KEY POINTS:
The National Party says it will aim to make workplaces safer while delivering certainty of coverage and more effective compensation under an improved ACC scheme if it wins the election.
Party leader John Key announced National's ACC policy today, saying it would investigate opening ACC's Work Account to competition but decisions would be made carefully and only after a full evaluation of the benefits to consumers.
Earlier this month the Government accused National of planning to privatise ACC after it was reported Australian insurers were anticipating opportunities to make a profit out of it.
ACC was opened to competition by the previous National government, and Labour re-nationalised it after winning the 1990 election.
Mr Key said today the experience of competition in the late 1990s had been healthy for ACC.
"Levy rates are now substantially lower as a result of that experience, and the ongoing prospect of competition," he said.
"Despite Labour's rhetoric, it has actually retained the ability for larger employers to opt out of the state monopoly and either self-insure or use a private insurer."
He gave an assurance that National supported a comprehensive, 24/7, no-fault insurance scheme but said it could be improved.
"Workplace accident figures are high by international standards," he said.
"OECD data to the end of 2003 showed New Zealand's non-fatal injury rate rising when everybody else's except Luxembourg were falling.

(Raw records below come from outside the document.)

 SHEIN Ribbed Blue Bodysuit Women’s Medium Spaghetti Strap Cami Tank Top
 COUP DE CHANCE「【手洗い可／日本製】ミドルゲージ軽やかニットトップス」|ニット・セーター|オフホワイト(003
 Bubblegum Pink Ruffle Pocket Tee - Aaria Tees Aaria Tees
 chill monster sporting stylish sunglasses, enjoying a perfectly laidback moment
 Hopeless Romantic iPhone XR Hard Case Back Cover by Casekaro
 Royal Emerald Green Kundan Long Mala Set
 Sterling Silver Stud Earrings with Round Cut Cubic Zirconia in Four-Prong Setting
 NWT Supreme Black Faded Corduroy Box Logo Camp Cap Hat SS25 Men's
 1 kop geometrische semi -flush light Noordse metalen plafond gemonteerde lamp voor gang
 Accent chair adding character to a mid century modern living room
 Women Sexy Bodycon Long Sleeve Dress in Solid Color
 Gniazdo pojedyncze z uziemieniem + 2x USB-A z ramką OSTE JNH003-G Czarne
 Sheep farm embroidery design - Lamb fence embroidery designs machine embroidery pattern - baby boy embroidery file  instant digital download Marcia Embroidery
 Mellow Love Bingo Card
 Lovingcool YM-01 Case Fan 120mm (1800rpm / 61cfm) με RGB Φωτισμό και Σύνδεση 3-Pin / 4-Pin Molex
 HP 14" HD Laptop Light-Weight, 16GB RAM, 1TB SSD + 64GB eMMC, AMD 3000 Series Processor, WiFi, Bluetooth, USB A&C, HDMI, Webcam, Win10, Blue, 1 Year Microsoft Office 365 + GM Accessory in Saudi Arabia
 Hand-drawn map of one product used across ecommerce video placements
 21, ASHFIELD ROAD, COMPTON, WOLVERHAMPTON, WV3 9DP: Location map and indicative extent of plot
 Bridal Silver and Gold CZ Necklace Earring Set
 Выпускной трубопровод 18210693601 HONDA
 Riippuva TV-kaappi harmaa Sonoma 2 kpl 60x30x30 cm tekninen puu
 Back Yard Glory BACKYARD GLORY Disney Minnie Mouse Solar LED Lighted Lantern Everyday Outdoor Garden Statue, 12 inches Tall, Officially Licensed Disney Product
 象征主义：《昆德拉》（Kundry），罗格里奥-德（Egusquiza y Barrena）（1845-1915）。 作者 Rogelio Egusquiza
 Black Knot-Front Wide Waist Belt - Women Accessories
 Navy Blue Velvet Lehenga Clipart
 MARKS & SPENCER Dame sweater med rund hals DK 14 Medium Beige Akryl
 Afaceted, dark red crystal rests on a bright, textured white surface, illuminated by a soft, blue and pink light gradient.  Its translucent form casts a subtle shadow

ACC data shows the number of work-related injury claims increased each year from 2002 to 2005, only declining in 2006.
"Either way, we can do better."
Mr Key said incentives for employers to improve safety practices were poor on the existing scheme, and similar premiums were charged regardless of an employer's workplace accident record.
When accidents happened, incentives for quick, high-quality rehabilitation were weak and entitlements for injured people were not of high quality.
"National wants a more flexible scheme that rewards employers with good workplace safety records, penalises those with poor records, and encourages employers to buy more than the basic cover," he said.
"National supports the principle of competition and choice in the ACC Work Account, which covers employees and the self-employed at work."
Mr Key said the issues around competition in the Work Account were well known and understood, but the same could not be said for the other accounts.
"This is a highly complex sector," he said.
"New Zealanders are entitled to feel secure that the entitlements guaranteed by law will be delivered efficiently and reliably."
The main points of the policy are:
* investigate opening the Work Account to competition;
* conduct a full stock-take of the various components of the ACC scheme, evaluate progress to full funding, and identify areas of cross-subsidy or cost-shifting and underfunding of newly legislated entitlements; and
* investigate the introduction of an independent disputes tribunal to end ACC's dual role of judge and jury on disputed claims.